We have a big family. My host mother is Elena, just like me. In Peruvian Spanish, there is a word for two people who share a name and are friends. We are tocayas. (If they are male the word is tocayos.)
In this picture you can see the children of the family. The boy on the left is Arturo. He is 6 years old. The boy in the middle is Efrain. He is ten years old. Their mother is Elena’s daughter Kenia, so I call them my nephews (mis sobrinos). The little girl on the right is Pamela. Her father is Elena’s son Alan, so Pamela is my niece. She lives with her parents in Lima, which is a very large city an hour to the west, on the coast. It’s the capital of Peru.

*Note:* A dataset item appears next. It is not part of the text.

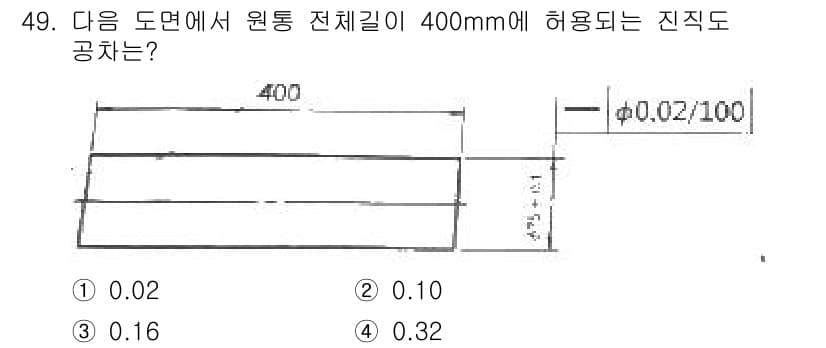 정밀측정산업기사 2017년 49번 - 정답과 핵심 포인트를 검수 중인 기출문제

Elena is married to Nestor. He’s my host-father. They have 4 children. The daughters are Kenia and Grecia. They are named for the countries Kenya and Greece. The sons are Alan and Nestor, junior. In Spanish, that’s Nestor hijo.

Except for Alan and his family, everyone lives together in our house in Yanacoto. With me in the house, we are 8 people: Elena madre, Nestor padre, Kenia, Nestor hijo, Grecia, the boys Efrain and Arturo, and me: Elena hija. 

Here I am, on the hillside above the town. Yanacoto’s chapel for its patron saint is in the background.

From Peru, we wish you a beautiful spring.